255.Verify Preorder Sequence in Binary Search Tree

Kinda simulate the traversal, keeping a stack of nodes (just their values) of which we’re still in the left subtree. If the next number is smaller than the last stack value, then we’re still in the left subtree of all stack nodes, so just push the new one onto the stack. But before that, pop all smaller ancestor values, as we must now be in their right subtrees (or even further, in the right subtree of an ancestor). Also, use the popped values as a lower bound, since being in their right subtree means we must never come across a smaller number anymore.

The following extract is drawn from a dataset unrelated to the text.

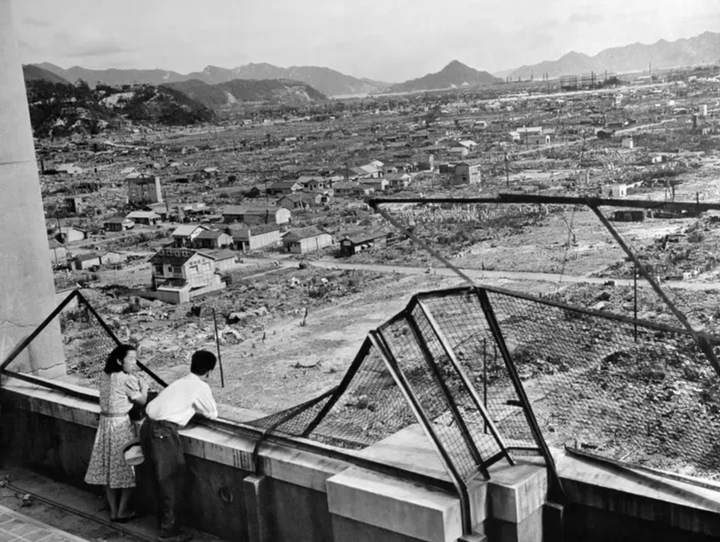 原爆投下後3年目の1948年に撮影された広島の町。一面の焼け野原にもぼつぼつ家が建てられている。ビルの屋上から2人連れが町を見下ろしている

https://leetcode.com/problems/verify-preorder-sequence-in-binary-search-tree/discuss/68142/

https://segmentfault.com/a/1190000003874375

class Solution {
    public boolean verifyPreorder(int[] preorder) {
        Deque<Integer> path = new ArrayDeque<>();
        Integer low = Integer.MIN_VALUE;
        for(int i : preorder){
            if(i < low)
                return false;
            while(!path.isEmpty() && i > path.peek()){
                low = path.pop();
            }
            path.push(i);
        }
        return true;
    }
}

O1 space - Using Original array as stack

https://segmentfault.com/a/1190000003874375

public class Solution {
    public boolean verifyPreorder(int[] preorder) {
        // 用i标记栈顶
        int i = -1, min = Integer.MIN_VALUE;
        for(int num : preorder){
            if(num < min) return false;
            // 同样的解法，但是复用了数组作为栈，每pop一次相当于i--
            while(i >= 0 && num > preorder[i]){
                min = preorder[i--];
            }
            // push相当于i++
            preorder[++i] = num;
        }
        return true;
    }
}